Après leur quatrième sortie, les «Gilets jaunes» français ont donc poussé Emmanuel Macron dans les cordes et l’ont contraint nà sortir de la léthargie dans laquelle il s’était réfugié depuis le 1er décembre dernier. Ce lundi 10 décembre, dans un discours très solennel montrant toute la gravité de la crise, a commencé par condamner les violences lors des manifestations avant de se livrer à un mea culpa notamment sur ses paroles qui ont pu blesser et conclure par des annonces importantes dont la portée n’est pas des moindres.  Le successeur de François Hollande, qui a pris les clés de l’Elysée, envers et contre tous les pronostics qui ont été surpris par la mort subite des dinosaures de la politique française, a pris la parole pour s’exprimer contre cette poussée de fièvre jaune qui met à rude épreuve la France de la liberté, de l’égalité et de la fraternité. Le mouvement, en quelques jours a, du reste, sérieusement impacté négativement l’économie française. Le président français, plus connu pour sa réplique vive, avait, cette fois-ci préféré mettre en première ligne son premier ministre. C’est donc Edouard Philippe qui, jusque-là prenait tous les coups, rencontrant, entre autres, les chefs de partis politiques et les Gilets jaunes. Désormais, Macron est revenu dans le jeu, même s’il n’a pas réussi à convaincre les « jaunes » en face, ceux-ci ayant jugé les propos du président mitigé, mettant par ailleurs en exergue, ce déficit de confiance qui les sépare maintenant de Emmanuel Macron.  C’est clair, par ses mots de presque capitulation, tout en dénonçant les actions de grande violence qui ont embrasé Paris ces premiers jours du dernier mois de la deuxième année de sa gouvernance, le plus jeune président de la France entend réorienter son quinquennat. Mais les mesures annoncées qui relèvent le Smic de 100%, améliorent les conditions de vie des retraités et des femmes,  faites par le locataire de l’Elysée n’ont pas calmé les ardeurs des Gilets jaunes qui, certainement en veulent plus. Les appels au dialogue et au rapiècement du tissu social français effiloché n’ont pas encore fait tomber le mercure.

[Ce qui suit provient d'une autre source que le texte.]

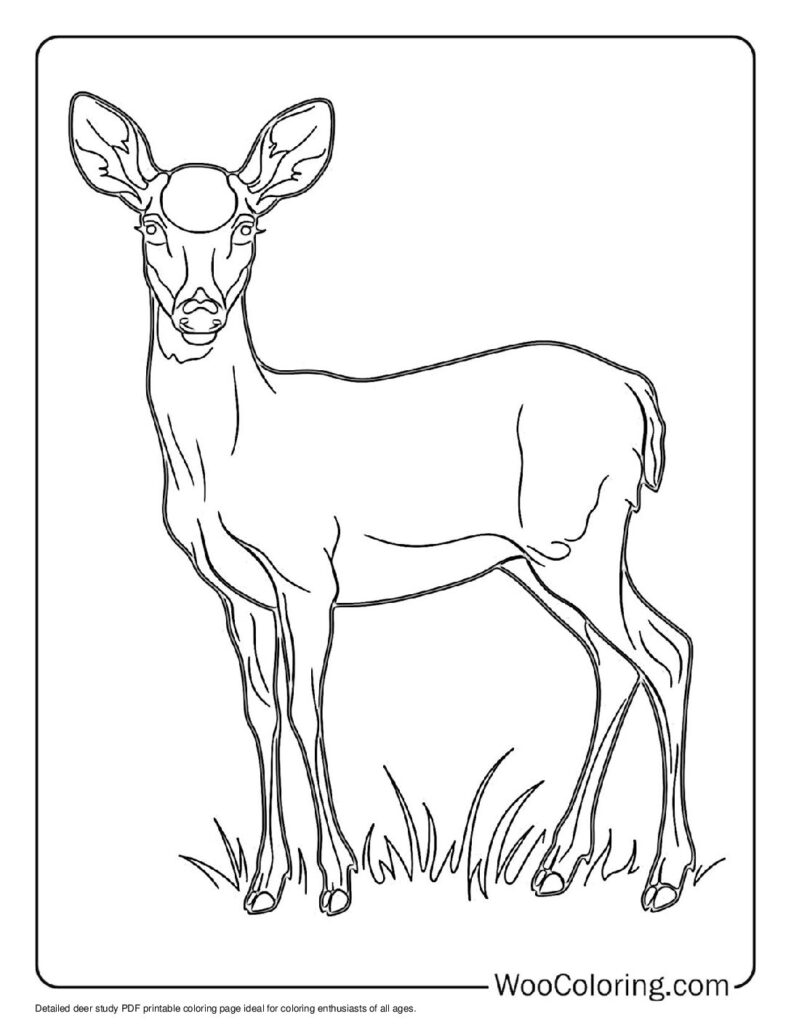 100  Deer coloring pages  Free PDF To Print  - 73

Qu’attendre maintenant de Macron pour remettre de l’ordre dans la maison suite à cette deuxkième crise majeure après celle provoquée par l’affaire Benalla à l’époque? Celui que ses contempteurs qualifient de «président des riches», devra en tout cas faire plus d’accoutumée pour ramener le typhon jaune à des proportions plus raisonnables de simple tempête. Mais la tâche du premier des Français ne sera pas des plus simples. La majorité de ses concitoyens, des jeunes sans emploi aux plus vieux retraités, en passant par des femmes au foyer qui dénoncent la baisse du contenu du panier de la ménagère sont devenus Gilets jaunes ou tout au moins des sympathisants. Qui plus est, tous les Français, d’une manière directe ou indirecte, sont des consommateurs de carburant dont la hausse programmée pour le 1er janvier 2019 et finalement annulées sous la pression de la rue. Mais la température était trop montée et sa chute ne peut donc être brusque, les Français ayant sans doute trouvé le moyen de faire descendre de son piédestal qu’il a construit trop haut pour être proche de leurs réalités qu’ils jugent de plus en plus dures. Et c’est pour contrer cette précarité qui les guette que les compatriotes de Macron lui garderont le couteau à la gorge. Tout ceci à l’air de déjà vu en Afrique où des organisations de la société civile et le peuple, de façon spontanée ou sous la coupe de mouvements de lutte contre la vie chère bousculent des pouvoirs en place et en font tomber parfois certains.

Le printemps arabe fera-t-il des enfants de l’autre côté de la Méditerranée? C’est moins certain, surtout qu’en Europe, on a non des hommes forts, mais des institutions fortes, bien huilées qui, malgré l’absence d’un chef comme la Belgique à plusieurs reprises depuis la crise politique de 2007-2008 dans ce pays. Mais c’est la même Belgique, qui, comme par hasard, atteinte par la spirale des Gilets jaunes, emboîte le pas à sa voisine, la France. C’est dire aussi qu’il est temps pour l’Europe de changer de modèle socio-économique pour mieux prendre en compte les préoccupations des couches dites plus démunies. En attendant, on attend les premiers effets du nouveau contrat social proposé par Macron pour panser les plaies ouvertes de la France. Les mots vont-ils pouvoir guérir tous les maux? Rien n’est moins sûr!